An inflation gap means you may get more than you think – even if benefits are cut. It's a 'good' glitch, but it needs fixing.
Americans recently received some good news regarding Social Security. While the retirement and disability program still faces significant funding shortfalls, the annual trustees report released last month showed improved long-term finances. But there is more "good" news, this time for workers who receive an annual benefit statement from the Social Security Administration.
To help with retirement planning, the "Social Security Statement" estimates the benefits workers will be entitled to at retirement. The statement significantly underestimates promised benefits for younger workers. In fact, even if we fixed Social Security's solvency entirely by reducing future benefits, most workers would still receive higher benefits than their Social Security Statement indicates. Though the glitch means higher benefits for future retirees, it hurts Social Security's credibility with the public. Correcting the error is essential.
Social Security mails workers a statement each year about three months prior to their birthday. Based on earnings to date, the statement projects future retirement benefits. Social Security was never meant to be the only source of retirement income, so the benefit estimate helps workers plan how much to save on their own. This is important, since the Social Security benefit formula is so complex that many people simply couldn't calculate benefits themselves.
The Social Security statement is actually quite good at determining future retirement benefits. Using the statement's methods, I was able to project the benefits of selected current retirees based on their earnings through age 45 with an average error of less than 2 percent. While more sophisticated methods could be used to close even that gap, this is not where the statement's drawbacks lie.

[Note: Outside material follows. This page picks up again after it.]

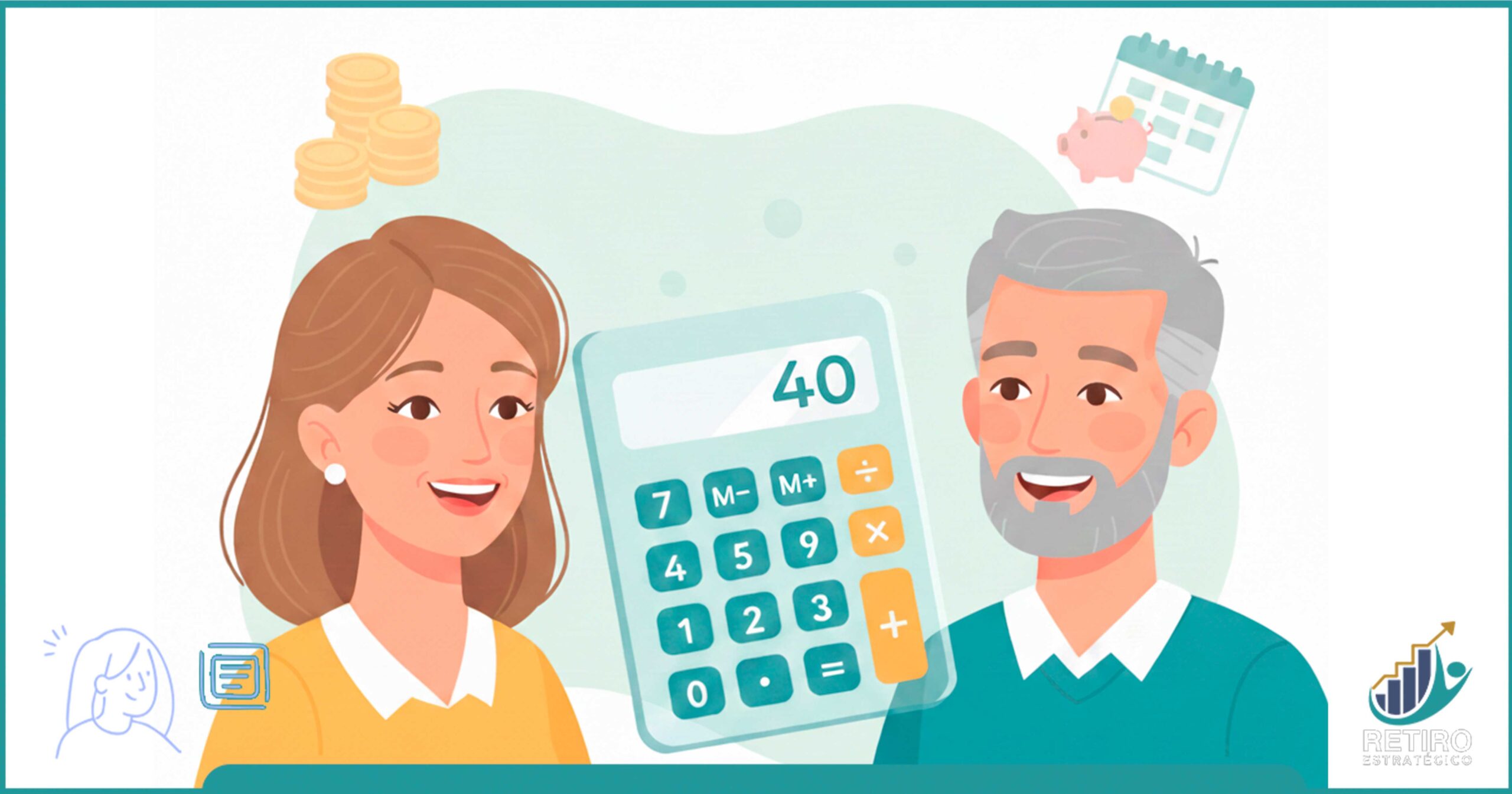 calculadora modalidad 40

The difficulty comes in translating these future benefits into terms that are understandable. The statement claims that estimated benefits are "in today's dollars," which means subtracting inflation to express them in today's purchasing power. For instance, a typical new retiree 20 years from now may receive an annual benefit of $33,000. That sounds like a lot, but if inflation runs at 3 percent per year, the real purchasing power of that benefit is only around $18,000. Expressing future benefits in today's dollars helps workers know how much their future benefits will actually buy years down the road.